Ben Tre (VNA) – The southern province of Ben Tre has set a target to have 36,000 ha of brackish shrimp farming by 2025 and gain about 1.2 billion USD from shrimp exports.
The targets are set in the province’s shrimp industry development plan for the 2021-2030 period with a vision to 2050 which was approved on December 23.
Of the total brackish shrimp farming area, 4,000 ha is for hi-tech shrimp farming, 8,500 ha for intensive/semi-intensive farming, more than 15,800 ha for extensive farming, nearly 2,650 ha for forestry-shrimp farming, over 5,000 ha for shrimp-rice farming, and 1,900 ha for intercropped giant freshwater shrimp farming.
The province expects shrimp production will reach 190,280 tonnes by 2025.
The province plans to expand the brackish shrimp farming area to 36,000 ha by 2030 and shrimp production of 251,980 tonnes. It expects shrimp export turnover will reach 1.8 billion USD.
Especially, with a vision to 2050, the province's shrimp industry is expected to develop sustainably, with high productivity, high quality, and a prestigious brand in the domestic and foreign markets.
To realise the plan, the province will focus on re-organising production, further developing forms of cooperation and production linkages.

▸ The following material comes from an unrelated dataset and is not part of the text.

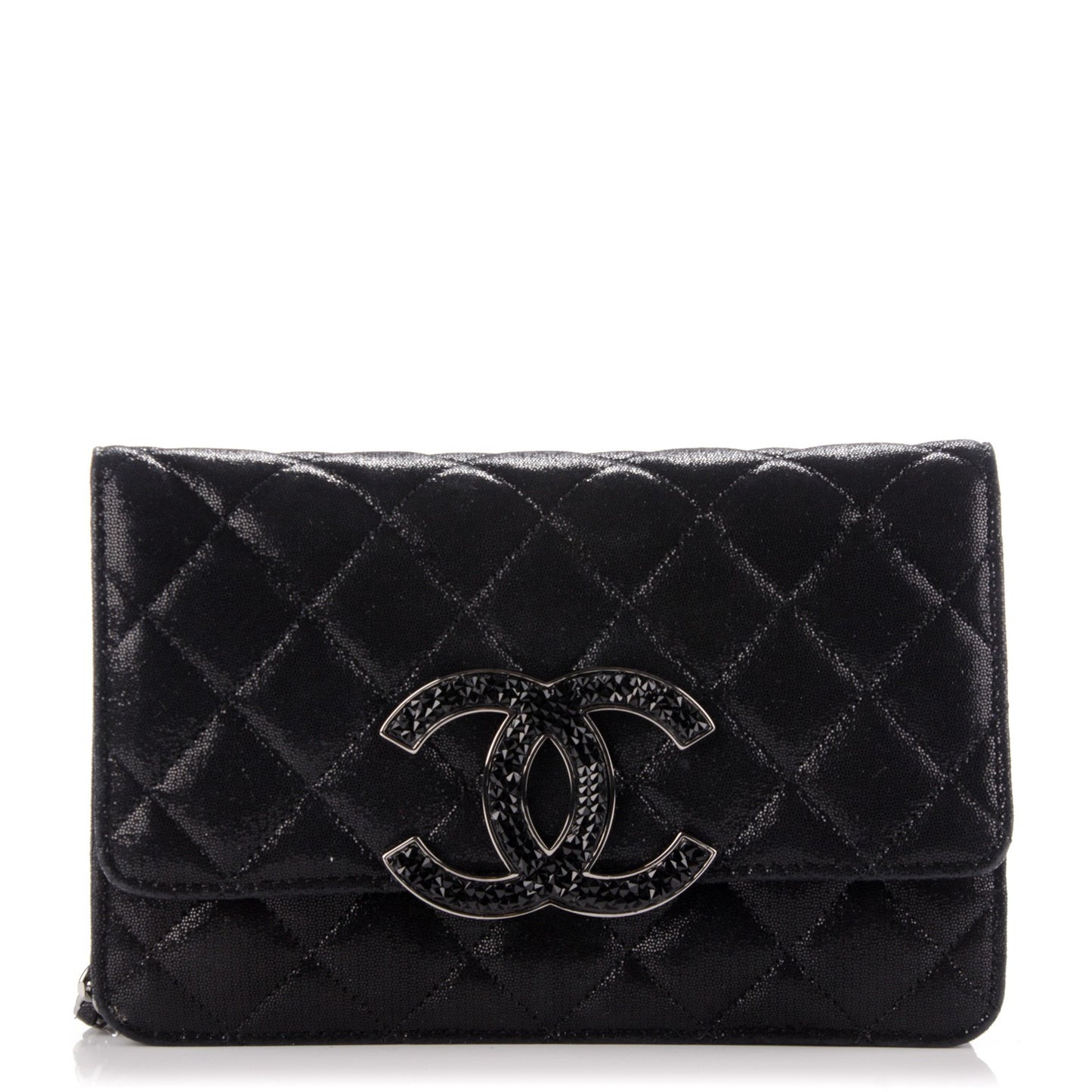 Iridescent Caviar Crystal Quilted Wallet On Chain WOC Black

The locality will also develop value chains from fries production, and commercial farming to the consumption market, in which purchasing, processing, and consumption enterprises play a key role in forming the chains.
The province will speed up projects on two shrimp processing factories in Thanh Phu district and call on investors to build large-scale shrimp processing plants in Phu Thuan industrial park.
Deputy Director of the Department of Agriculture and Rural Development Nguyen Van Buoi said that between 2016 and 2021, although the province's shrimp farming area is quite stable, increasing by only 0.2% per year from 35,000 ha in 2016 to 35,300 ha in 2021, the output increased by an average of 11.9 % yearly from 46,278 tonnes to 81,200 tonnes.
He said that the province's shrimp industry strongly shifted from extensive farming to intensive breeding, especially high-tech white-legged shrimp farming in an area of nearly 2,600 ha./.